While the TCC was compelled to follow Astrazeneca due to court convention, it was satisfied that Flaux J’s analysis of the law was the correct one and it was right to avoid reintroducing the doctrine of “fundamental breach” by the back door. Instead, the TCC stated that the court was “to construe the contract so as to give effect to the parties’ intention as disclosed by the language read in context”. The court went further to state that there is no presumption or requirement for particular words to be used within an exclusion of liability, even when the breach that is alleged to have occurred is deliberate or repudiatory. Importantly, he did add the caveat that these clauses cannot be read to reduce a party’s obligations to ones of mere declarations of intent and where it is possible for a clause to have more than one meaning then the process of construction laid down in Wood v Capita should be used.
The Defendant also raised the argument that the Agreement was poorly drafted and key sections were not present or negotiated due to a lack of time, clause 5A of the Agreement explicitly acknowledging this, suggesting that the intentions of the parties were not articulated adequately in the present clauses. The court dismissed this argument on the basis that “it will be a rare contract where no criticism can be made of the quality of the drafting” and the imperfections within the Agreement did not sufficiently prove that the text was not logical or coherent or lacked clarity.
The TCC judgement
In the instant case, the TCC held that, by the Defendant’s own admission, the clauses were capable of being read to apply to the alleged breaches by the Claimant. The TCC focused heavily on the liability cap clause in their judgment, finding that it was not for the court to save one party from a bad bargain, referring to the cap being £500,000, and that the payment meant a breach was not painless to the Claimant. The court went further and stated that where there was a repudiatory breach of the contract, it does not cause the Agreement to be of no effect, with the Claimant still liable up to the liability cap, therefore, not reducing the Claimant’s obligations to statements of mere intent.
Furthermore, the court held that while the exclusion clause was drafted widely, it did not preclude all liability, only that of particular categories of loss, nor reduce the Claimant’s obligations to mere declarations of intent, even where there had been a deliberate or wilful breach. The TCC followed this logic for the net contribution clause also, finding it clear and arguments that it was nonsensical or removing the contractual effect of the Claimant’s obligations as incorrect. Following these conclusions, the judge gave summary judgment in favour of the Claimant.

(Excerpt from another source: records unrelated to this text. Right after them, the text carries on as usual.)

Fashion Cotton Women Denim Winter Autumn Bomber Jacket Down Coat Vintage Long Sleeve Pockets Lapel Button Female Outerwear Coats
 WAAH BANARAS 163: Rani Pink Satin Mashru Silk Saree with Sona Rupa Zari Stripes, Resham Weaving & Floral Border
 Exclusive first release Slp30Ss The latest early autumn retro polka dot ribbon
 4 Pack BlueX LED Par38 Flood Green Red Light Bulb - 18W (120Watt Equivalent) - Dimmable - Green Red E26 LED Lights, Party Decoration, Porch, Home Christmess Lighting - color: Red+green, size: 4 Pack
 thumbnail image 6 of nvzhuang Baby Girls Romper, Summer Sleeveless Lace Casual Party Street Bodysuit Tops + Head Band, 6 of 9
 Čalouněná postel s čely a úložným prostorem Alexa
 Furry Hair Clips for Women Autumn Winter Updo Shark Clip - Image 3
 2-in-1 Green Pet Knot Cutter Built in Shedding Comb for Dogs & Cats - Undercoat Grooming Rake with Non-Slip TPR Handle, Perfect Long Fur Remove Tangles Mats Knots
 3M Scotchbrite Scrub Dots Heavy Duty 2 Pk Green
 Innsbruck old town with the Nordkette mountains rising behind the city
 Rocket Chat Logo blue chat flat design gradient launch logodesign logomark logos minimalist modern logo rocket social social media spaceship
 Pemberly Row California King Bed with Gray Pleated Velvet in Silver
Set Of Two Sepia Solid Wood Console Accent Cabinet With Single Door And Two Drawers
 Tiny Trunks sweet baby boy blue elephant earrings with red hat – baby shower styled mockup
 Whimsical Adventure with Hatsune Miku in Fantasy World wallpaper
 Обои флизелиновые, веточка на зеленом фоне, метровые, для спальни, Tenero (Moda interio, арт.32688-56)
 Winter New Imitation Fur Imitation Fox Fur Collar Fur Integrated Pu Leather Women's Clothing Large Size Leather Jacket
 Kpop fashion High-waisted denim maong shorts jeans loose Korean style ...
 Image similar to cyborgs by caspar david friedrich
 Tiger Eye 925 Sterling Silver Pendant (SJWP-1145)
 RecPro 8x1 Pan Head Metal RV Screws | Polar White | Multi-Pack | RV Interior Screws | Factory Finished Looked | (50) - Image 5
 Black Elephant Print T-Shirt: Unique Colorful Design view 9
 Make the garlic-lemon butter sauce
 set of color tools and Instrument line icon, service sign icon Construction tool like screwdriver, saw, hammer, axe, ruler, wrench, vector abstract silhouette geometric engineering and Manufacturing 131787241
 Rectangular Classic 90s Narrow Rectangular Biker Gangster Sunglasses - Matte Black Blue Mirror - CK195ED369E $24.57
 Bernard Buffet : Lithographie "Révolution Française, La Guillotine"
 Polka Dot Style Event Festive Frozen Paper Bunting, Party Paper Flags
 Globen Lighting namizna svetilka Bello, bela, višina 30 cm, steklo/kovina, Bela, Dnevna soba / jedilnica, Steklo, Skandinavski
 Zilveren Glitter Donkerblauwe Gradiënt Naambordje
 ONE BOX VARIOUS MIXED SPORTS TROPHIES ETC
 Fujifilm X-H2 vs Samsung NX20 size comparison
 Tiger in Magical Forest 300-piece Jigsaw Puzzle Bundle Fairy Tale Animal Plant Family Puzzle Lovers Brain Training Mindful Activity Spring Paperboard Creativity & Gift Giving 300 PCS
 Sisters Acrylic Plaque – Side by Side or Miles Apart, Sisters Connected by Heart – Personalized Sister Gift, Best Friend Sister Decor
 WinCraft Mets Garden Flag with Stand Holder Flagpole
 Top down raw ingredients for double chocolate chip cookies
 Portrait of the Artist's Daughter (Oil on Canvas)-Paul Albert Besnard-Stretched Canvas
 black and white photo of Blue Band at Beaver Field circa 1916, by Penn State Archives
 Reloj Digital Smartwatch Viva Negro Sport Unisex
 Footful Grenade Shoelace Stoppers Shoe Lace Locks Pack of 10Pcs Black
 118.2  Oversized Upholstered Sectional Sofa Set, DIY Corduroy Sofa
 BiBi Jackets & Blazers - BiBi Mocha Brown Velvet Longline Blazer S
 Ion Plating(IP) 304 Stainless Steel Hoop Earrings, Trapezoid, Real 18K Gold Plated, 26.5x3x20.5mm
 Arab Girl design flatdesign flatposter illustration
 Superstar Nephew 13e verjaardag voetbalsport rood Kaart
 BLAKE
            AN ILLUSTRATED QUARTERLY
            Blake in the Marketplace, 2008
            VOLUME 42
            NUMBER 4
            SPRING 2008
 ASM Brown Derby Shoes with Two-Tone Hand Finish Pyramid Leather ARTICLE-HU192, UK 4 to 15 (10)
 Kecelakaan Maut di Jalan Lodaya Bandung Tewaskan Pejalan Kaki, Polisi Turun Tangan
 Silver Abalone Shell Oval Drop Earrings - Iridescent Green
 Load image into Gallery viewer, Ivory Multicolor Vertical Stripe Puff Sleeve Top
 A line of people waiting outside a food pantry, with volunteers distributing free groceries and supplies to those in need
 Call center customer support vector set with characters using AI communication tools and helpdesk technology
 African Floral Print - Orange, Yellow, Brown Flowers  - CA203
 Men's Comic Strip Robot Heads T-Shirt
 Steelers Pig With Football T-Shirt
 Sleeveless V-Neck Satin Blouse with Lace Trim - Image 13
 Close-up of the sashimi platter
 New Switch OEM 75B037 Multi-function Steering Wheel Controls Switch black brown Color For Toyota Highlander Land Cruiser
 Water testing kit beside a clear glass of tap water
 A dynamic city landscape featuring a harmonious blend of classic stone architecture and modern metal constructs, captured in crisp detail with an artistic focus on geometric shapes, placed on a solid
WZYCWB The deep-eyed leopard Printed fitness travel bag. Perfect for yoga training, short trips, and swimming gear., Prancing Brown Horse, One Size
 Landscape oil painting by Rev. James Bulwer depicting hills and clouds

While this case did not proceed to a full trial, the judgment included a detailed review of the law on the issue and provides clarity as to the current approach of the courts to clauses limiting and excluding liability. It serves as a reminder for those in industries such as the oil and gas industry, that care should be exercised when drafting exclusion and limitation clauses to ensure that liability is only limited in accordance with the parties’ intentions. Further, the judgment highlights again that there is no doctrine of fundamental breach under English law for parties which seek to allege a breach has been committed fundamentally, wilfully or deliberately.